By Ed Runyan
The village has opened an investigation into allegations against Police Chief John Kuivila from two female employees of the police department.
A records clerk with the police department wrote a letter to city Manager Jack Haney Jan. 11 indicating that Kuivila made comments about her appearance and “certain body parts” soon after she returned to work from maternity leave.
She felt the comments were “extremely inappropriate for him being my supervisor” and “asked him that all comments to be stopped immediately.”
She then received a phone call from Kuivila’s wife, Danielle, in which Kuivila’s wife read a letter she found that expressed the chief’s feelings about the employee, the employee said.
“At this point, I felt extremely uncomfortable and went to speak with Jack Haney, the city manager, with my concerns,” she said.
Another female employee, a police officer, wrote a letter Jan. 11 in which she said she felt she was working under a hostile work environment because of a threat she said Kuivila made to her regarding the other female employee.
According to the female officer’s letter, the chief told her, “If I discussed the information, he made a threat.
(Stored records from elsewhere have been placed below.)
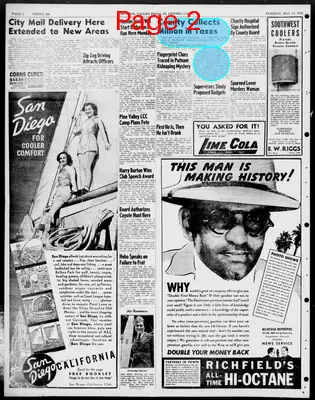 Page thumbnail for Imperial Valley Press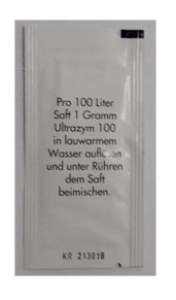 Ultrazym 1g klein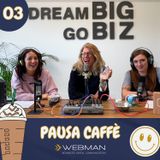 PAUSA CAFFÈ PUNTATA 3: CHI È DI SCENA?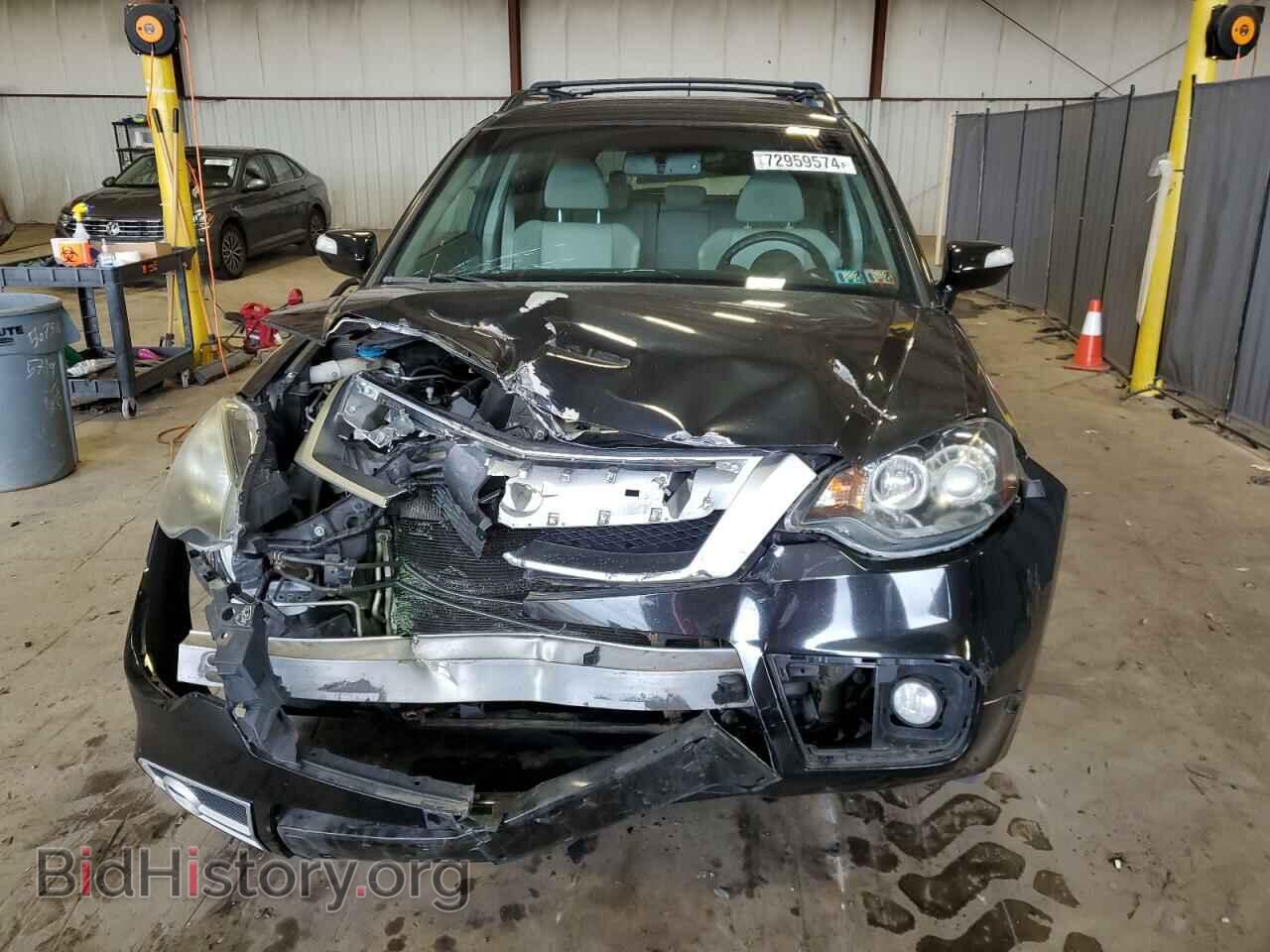 2010 ACURA RDX - VIN: 5J8TB1H25AA007347 - Фото 5
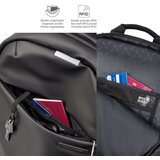 MiquelRius nahrbtnik Bag-to-Work, M, črna | Shoptok.si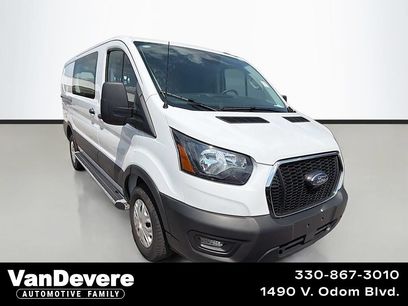 Used 2025 Ford Transit 250 Low Roof w/ Exterior Upgrade Package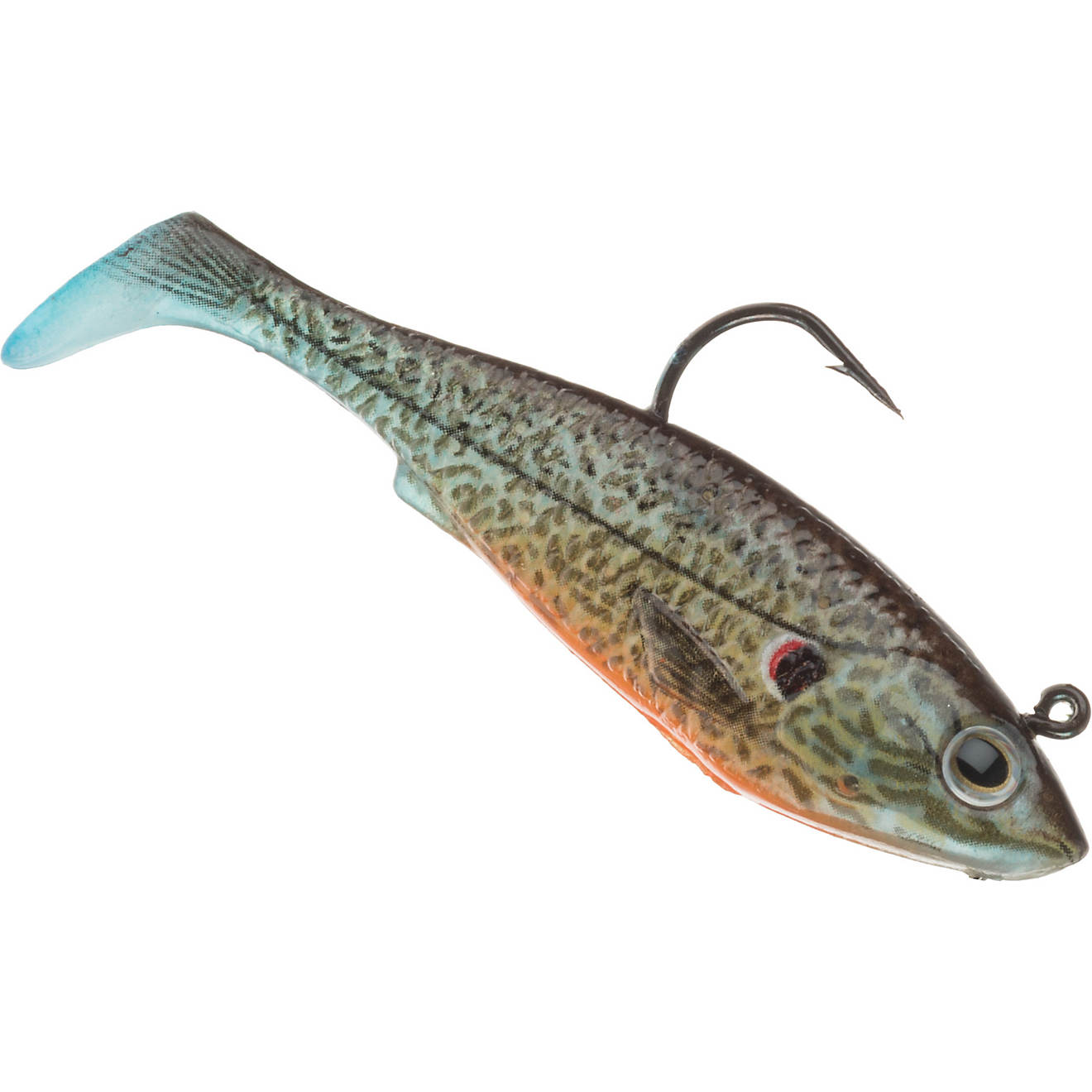 H2O XPRESS Prerigged Swim Baits 3-Pack                                                                                           - view number 1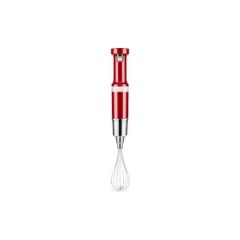 KitchenAid Artisan Cordless El Blender&Doğrayıcı Set 5KHBBV83 ECA -Candy Apple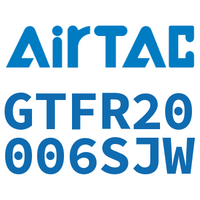Airtac 调压过滤器-GTFR20006SJW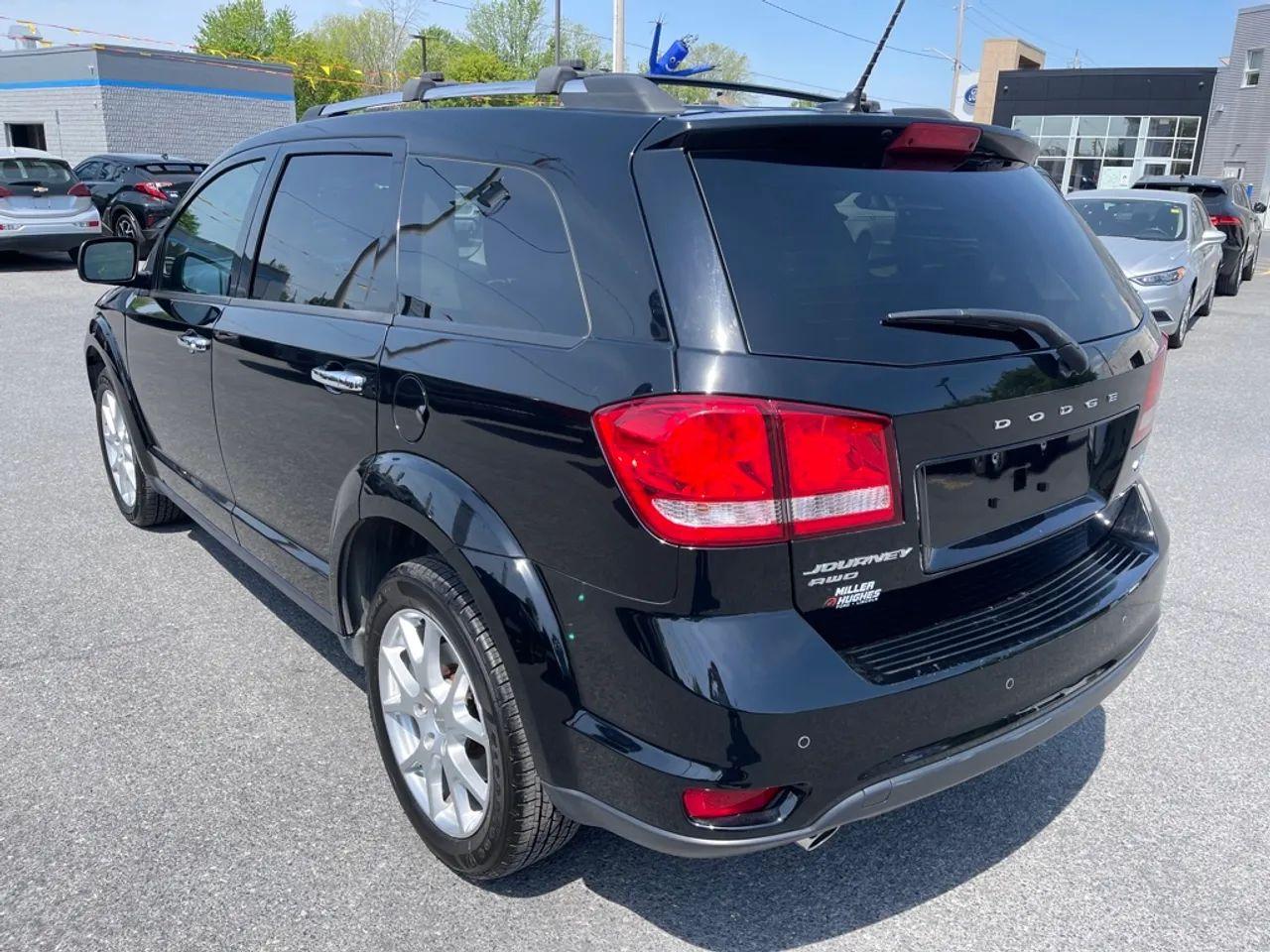 2016 Dodge Journey R/T-4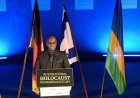 “Genocide does not happen in a vacuum” Minister Olivier Nduhungirehe urges global vigilance against hate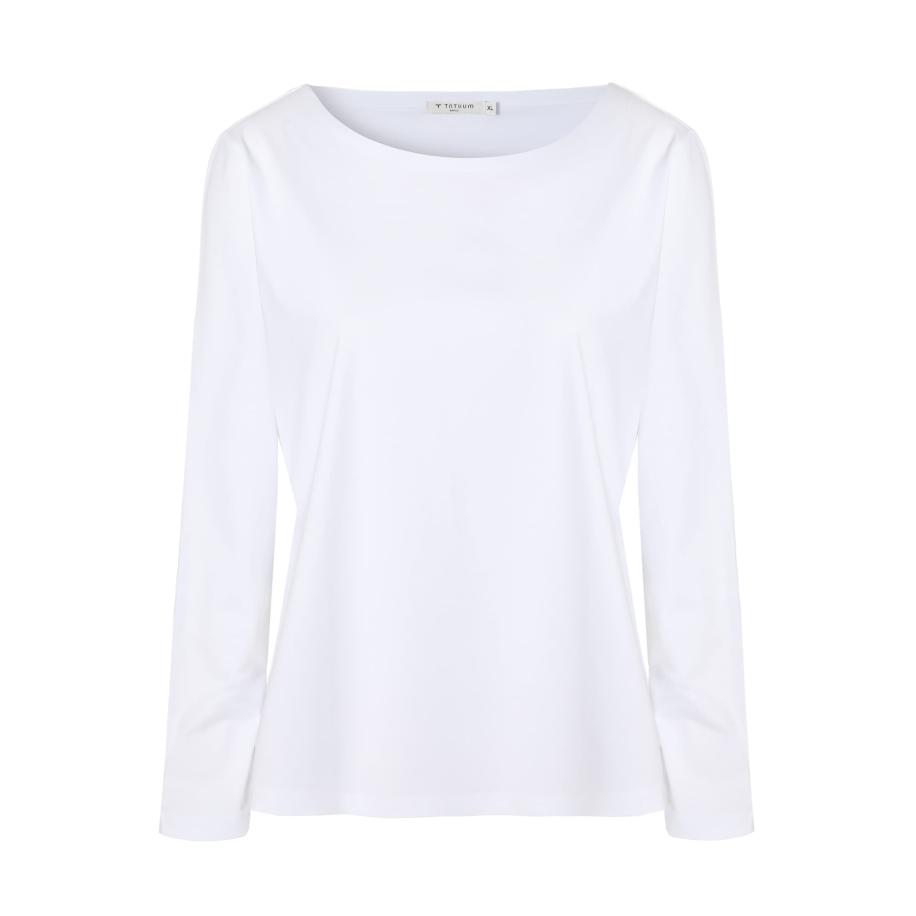 TATUUM TATUUM Shirt Mikajanka wit -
This has since placed my mindset that I am in the environment which is hostile, and I am fearful.”
Kuivila also wrote a letter to Haney, stamped “confidential” at the top, in which the chief addressed the first woman’s complaint.
In it, Kuivila wrote that he and the clerk “have exchanged text messages, Google chats, emails and other electronic communications both related to and not related to work.
“On Jan. 7, 2013, my wife, Danielle, discovered messages and or electronic communications. Although they were drafted in my personal capacity, and one had only been drafted and not transmitted nor provided to” the clerk, the chief said.
“Apparently, my wife contacted the clerk and confronted her about the aforementioned communications,” Kuivila wrote.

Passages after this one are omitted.